EXERCISE INPUT Block Start

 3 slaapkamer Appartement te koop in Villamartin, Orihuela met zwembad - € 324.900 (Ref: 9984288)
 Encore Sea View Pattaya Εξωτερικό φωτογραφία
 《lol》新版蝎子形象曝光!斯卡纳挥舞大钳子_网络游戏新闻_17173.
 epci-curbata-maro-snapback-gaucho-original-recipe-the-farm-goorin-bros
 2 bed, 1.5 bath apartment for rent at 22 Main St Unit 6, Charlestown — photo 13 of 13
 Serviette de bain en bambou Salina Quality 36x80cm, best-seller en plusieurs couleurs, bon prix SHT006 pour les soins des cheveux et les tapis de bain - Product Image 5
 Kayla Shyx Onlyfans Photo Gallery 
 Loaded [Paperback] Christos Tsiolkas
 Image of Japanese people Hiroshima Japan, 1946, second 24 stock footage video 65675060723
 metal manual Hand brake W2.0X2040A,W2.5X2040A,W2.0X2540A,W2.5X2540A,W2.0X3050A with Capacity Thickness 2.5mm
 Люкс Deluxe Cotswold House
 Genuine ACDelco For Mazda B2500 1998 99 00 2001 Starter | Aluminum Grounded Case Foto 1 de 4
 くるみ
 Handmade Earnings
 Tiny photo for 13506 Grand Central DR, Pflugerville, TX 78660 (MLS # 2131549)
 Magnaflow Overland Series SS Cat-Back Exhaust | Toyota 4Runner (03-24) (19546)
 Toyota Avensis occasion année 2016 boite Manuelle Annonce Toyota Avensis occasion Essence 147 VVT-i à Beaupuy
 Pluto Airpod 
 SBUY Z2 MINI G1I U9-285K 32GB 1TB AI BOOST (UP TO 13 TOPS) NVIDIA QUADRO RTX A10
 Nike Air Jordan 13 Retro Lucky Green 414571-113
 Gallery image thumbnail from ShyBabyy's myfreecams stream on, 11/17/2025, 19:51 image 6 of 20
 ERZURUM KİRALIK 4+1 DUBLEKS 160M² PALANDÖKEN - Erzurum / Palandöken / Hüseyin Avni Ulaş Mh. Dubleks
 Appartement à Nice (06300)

EXERCISE INPUT Block End

■ EXERCISE INSTRUCTIONS: The first line of the records and every line down to the line with "2 bed, 1.5 bath" must be quoted exactly; leave out all else.

■ COMPLETED TASK:
 3 slaapkamer Appartement te koop in Villamartin, Orihuela met zwembad - € 324.900 (Ref: 9984288)
 Encore Sea View Pattaya Εξωτερικό φωτογραφία
 《lol》新版蝎子形象曝光!斯卡纳挥舞大钳子_网络游戏新闻_17173.
 epci-curbata-maro-snapback-gaucho-original-recipe-the-farm-goorin-bros
 2 bed, 1.5 bath apartment for rent at 22 Main St Unit 6, Charlestown — photo 13 of 13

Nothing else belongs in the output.